[Available data — start]
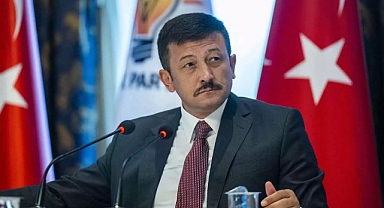 Hamza Dağ, AK Parti henüz 22 yaşında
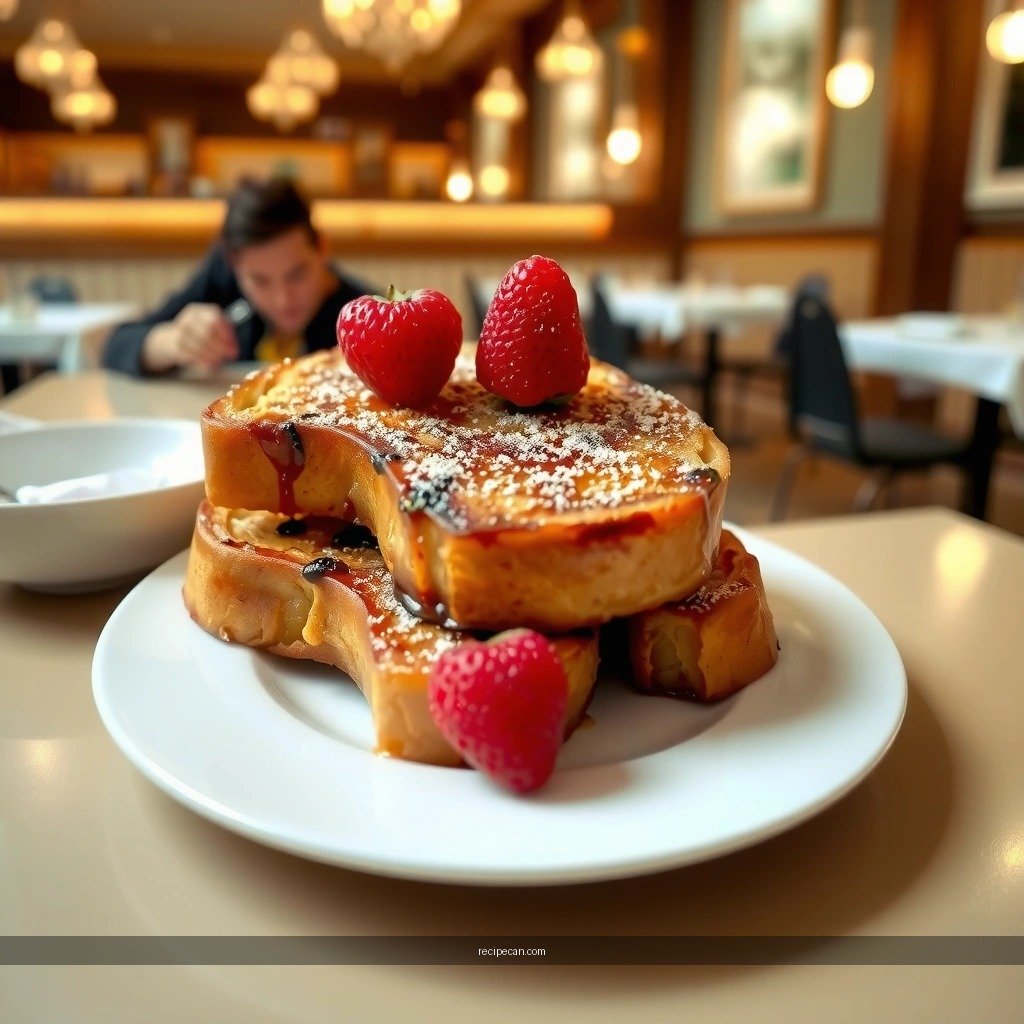 Baby French Toast - baby french toast recipe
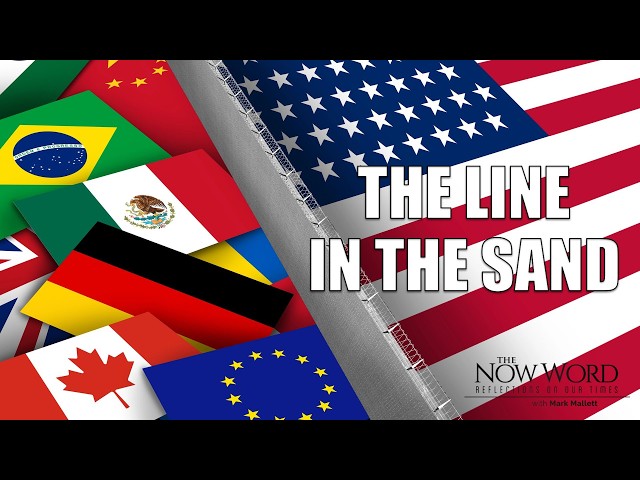 The Line in the Sand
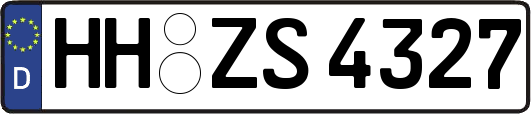 HH-ZS4327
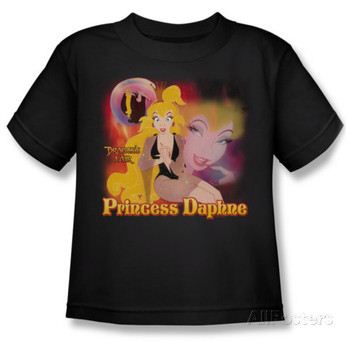 Youth: Dragon's Lair - Princess Daphne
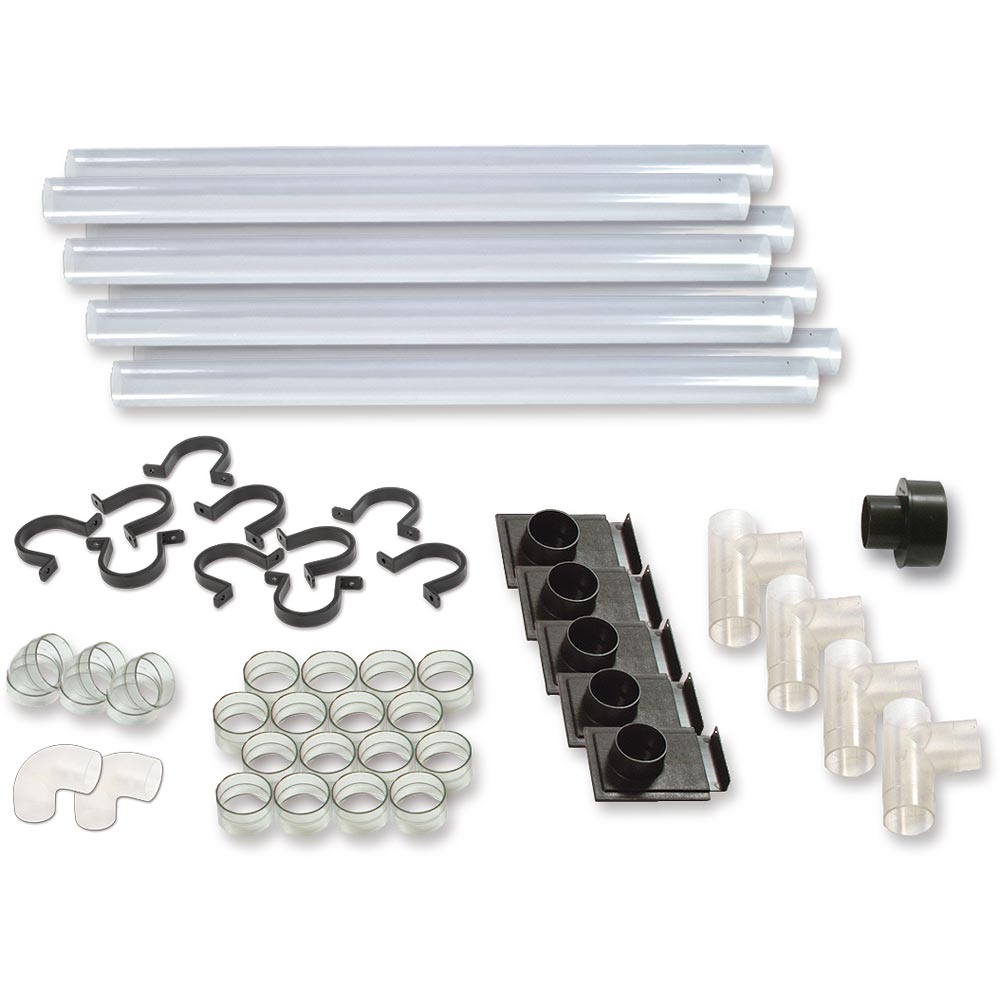Axminster 63mm Dust Extraction Kit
[Available data — finish]
* [Aim of the task]: Return each line of the data, keeping its wording exact and omitting pictures.

* [Solution]:
 Hamza Dağ, AK Parti henüz 22 yaşında
 Baby French Toast - baby french toast recipe
 The Line in the Sand
 HH-ZS4327
 Youth: Dragon's Lair - Princess Daphne
Axminster 63mm Dust Extraction Kit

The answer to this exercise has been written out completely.